─── Data ───
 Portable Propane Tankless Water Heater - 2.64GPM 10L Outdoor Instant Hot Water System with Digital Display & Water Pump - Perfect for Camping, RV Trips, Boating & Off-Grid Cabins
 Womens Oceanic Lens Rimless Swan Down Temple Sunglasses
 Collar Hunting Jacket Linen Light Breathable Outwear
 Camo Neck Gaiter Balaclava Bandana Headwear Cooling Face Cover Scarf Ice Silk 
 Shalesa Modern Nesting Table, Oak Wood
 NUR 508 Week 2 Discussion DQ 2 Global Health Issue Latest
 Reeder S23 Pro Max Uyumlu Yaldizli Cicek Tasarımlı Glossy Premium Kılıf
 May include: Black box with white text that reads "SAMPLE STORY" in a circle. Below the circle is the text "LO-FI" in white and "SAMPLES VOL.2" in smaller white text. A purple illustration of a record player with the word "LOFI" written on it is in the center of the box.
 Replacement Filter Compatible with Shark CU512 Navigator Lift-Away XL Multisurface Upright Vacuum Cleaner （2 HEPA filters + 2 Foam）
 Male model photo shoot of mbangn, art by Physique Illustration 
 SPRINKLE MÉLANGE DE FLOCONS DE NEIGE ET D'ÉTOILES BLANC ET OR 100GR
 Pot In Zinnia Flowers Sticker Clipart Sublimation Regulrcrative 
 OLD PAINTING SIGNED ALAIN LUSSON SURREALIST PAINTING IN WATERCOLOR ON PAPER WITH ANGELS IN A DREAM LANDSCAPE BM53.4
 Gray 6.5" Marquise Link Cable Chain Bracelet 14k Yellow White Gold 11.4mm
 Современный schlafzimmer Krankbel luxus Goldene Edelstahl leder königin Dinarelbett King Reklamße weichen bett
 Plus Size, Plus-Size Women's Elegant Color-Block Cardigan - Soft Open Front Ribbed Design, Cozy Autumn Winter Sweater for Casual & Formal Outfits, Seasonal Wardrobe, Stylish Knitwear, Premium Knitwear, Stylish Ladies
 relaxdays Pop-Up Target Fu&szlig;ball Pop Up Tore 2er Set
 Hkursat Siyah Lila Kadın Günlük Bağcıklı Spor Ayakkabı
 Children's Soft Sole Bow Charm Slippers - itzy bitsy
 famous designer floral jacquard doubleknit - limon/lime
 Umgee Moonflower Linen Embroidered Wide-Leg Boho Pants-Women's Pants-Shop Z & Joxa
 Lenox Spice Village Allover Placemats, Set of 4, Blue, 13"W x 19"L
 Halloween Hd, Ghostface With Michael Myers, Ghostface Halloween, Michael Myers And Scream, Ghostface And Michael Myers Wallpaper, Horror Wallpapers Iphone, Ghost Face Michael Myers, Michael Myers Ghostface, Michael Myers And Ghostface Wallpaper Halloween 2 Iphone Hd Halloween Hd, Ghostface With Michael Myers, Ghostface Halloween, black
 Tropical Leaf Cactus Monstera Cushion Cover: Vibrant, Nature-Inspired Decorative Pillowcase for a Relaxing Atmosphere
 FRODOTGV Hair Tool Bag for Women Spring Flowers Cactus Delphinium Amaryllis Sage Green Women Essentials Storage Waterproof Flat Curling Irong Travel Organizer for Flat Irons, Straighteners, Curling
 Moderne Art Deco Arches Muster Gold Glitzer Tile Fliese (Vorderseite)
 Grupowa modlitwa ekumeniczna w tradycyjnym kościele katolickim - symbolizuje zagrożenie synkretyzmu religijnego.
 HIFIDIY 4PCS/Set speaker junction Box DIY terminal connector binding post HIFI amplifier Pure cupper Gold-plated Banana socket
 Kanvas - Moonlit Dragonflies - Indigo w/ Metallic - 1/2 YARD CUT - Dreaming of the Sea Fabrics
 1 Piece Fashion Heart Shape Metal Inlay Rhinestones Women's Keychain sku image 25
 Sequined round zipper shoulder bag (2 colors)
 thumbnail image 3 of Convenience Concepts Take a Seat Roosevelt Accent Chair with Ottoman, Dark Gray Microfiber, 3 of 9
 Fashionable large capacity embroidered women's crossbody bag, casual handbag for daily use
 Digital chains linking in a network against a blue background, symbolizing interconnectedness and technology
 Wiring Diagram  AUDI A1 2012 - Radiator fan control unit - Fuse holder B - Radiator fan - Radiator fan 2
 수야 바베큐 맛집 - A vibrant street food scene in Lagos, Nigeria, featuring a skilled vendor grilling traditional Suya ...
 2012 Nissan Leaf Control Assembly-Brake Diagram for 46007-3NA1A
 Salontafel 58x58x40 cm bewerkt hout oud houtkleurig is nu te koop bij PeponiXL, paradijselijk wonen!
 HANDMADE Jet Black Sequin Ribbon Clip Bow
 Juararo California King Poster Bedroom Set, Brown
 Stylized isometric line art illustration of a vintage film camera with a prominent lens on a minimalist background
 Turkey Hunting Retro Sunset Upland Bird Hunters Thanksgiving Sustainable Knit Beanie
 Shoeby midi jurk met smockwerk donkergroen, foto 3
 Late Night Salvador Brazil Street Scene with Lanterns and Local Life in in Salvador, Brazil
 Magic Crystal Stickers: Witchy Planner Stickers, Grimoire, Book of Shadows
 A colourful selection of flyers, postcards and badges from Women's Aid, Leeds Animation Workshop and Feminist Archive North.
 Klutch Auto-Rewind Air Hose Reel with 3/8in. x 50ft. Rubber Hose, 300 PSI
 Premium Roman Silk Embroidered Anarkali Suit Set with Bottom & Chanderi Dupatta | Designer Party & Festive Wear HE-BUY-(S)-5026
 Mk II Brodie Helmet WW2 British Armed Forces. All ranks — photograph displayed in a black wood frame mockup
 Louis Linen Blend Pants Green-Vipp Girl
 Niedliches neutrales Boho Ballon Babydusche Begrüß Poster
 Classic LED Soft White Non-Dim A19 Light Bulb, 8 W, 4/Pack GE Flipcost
───
• **Exercise prompt**:
Look through the entries above for the word "Cactus". Say how many lines contain it, using only a number.

• **Answer box**:
2